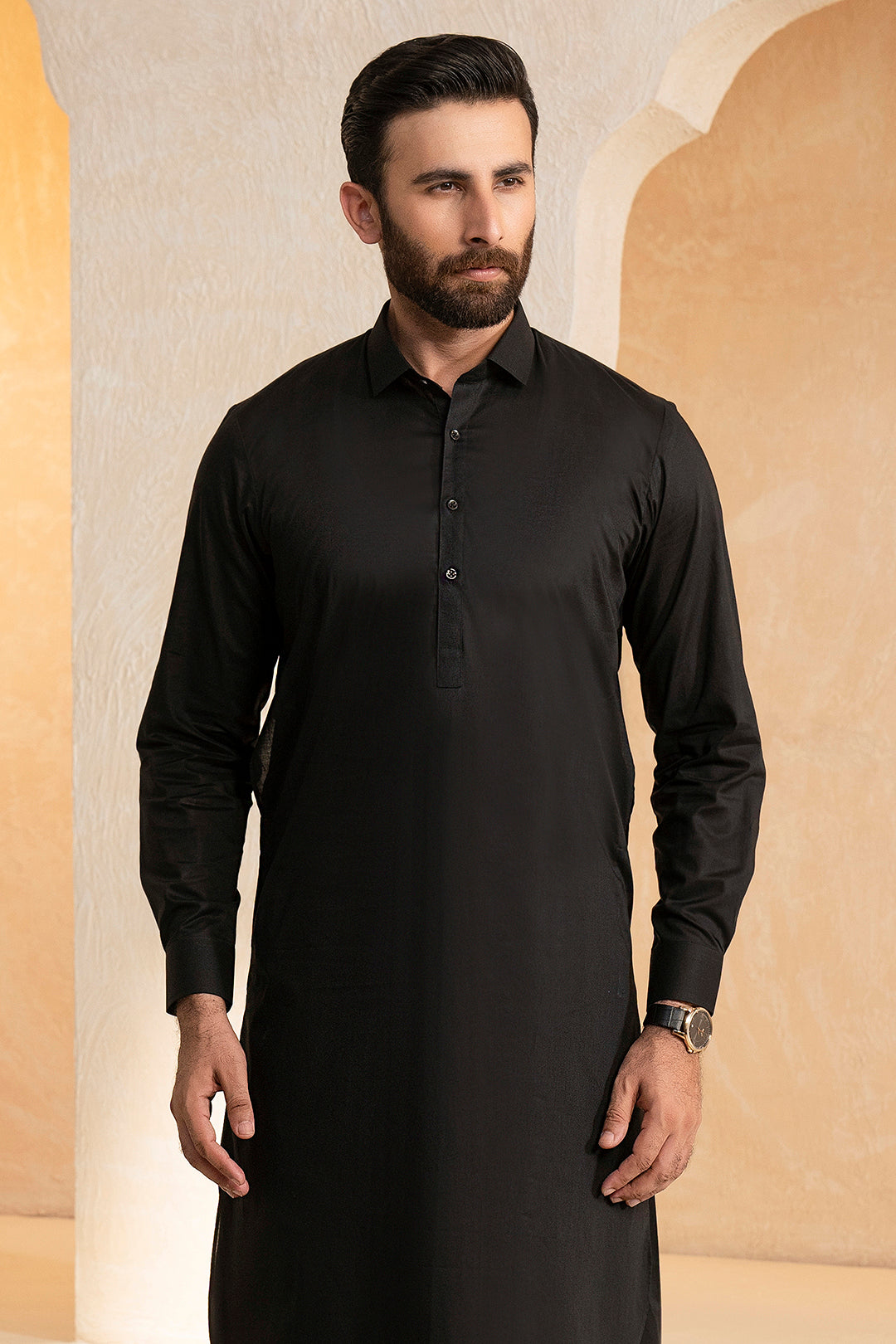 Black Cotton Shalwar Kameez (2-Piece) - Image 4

==

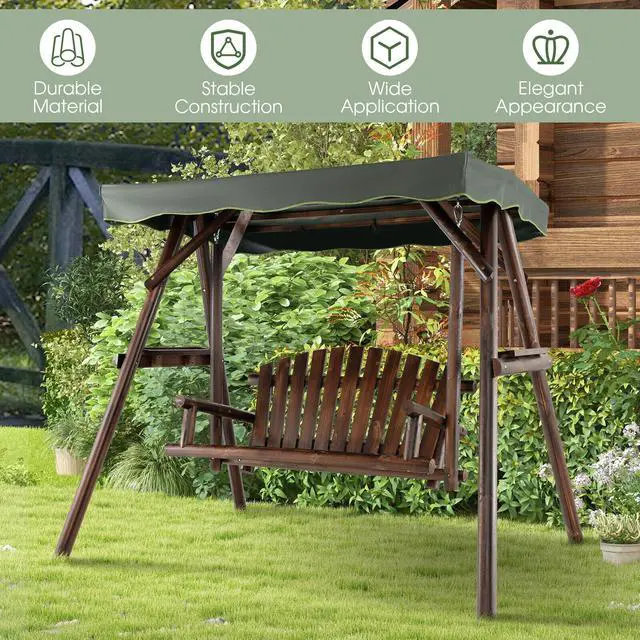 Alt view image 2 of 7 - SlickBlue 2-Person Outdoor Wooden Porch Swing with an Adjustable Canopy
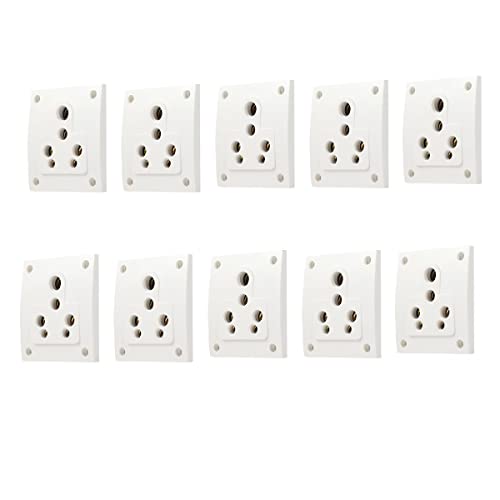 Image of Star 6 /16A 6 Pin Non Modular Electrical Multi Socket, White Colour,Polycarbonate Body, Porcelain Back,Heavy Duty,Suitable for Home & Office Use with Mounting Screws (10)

==

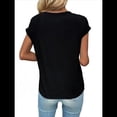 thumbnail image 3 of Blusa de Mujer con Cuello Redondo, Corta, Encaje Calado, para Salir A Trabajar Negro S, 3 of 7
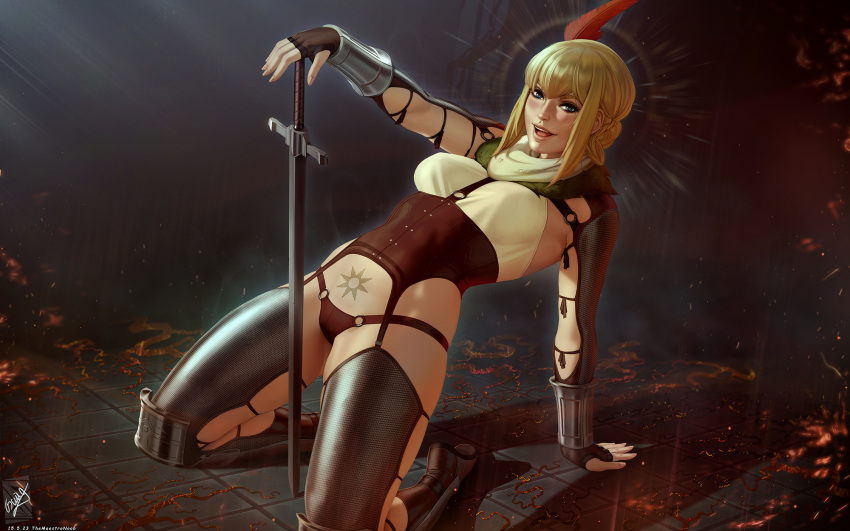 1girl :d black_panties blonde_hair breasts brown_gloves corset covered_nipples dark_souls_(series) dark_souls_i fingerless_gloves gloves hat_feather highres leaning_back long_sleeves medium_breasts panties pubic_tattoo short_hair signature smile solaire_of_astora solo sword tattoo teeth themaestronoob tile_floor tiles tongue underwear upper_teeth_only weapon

**ACTIVITY**
The reply should hold exactly the lines above, starting at the line with "Alt view image" and ending at the line with "Image of Star", and no pictures.

**ANSWER FOR THE TASK**
 Alt view image 2 of 7 - SlickBlue 2-Person Outdoor Wooden Porch Swing with an Adjustable Canopy
 Image of Star 6 /16A 6 Pin Non Modular Electrical Multi Socket, White Colour,Polycarbonate Body, Porcelain Back,Heavy Duty,Suitable for Home & Office Use with Mounting Screws (10)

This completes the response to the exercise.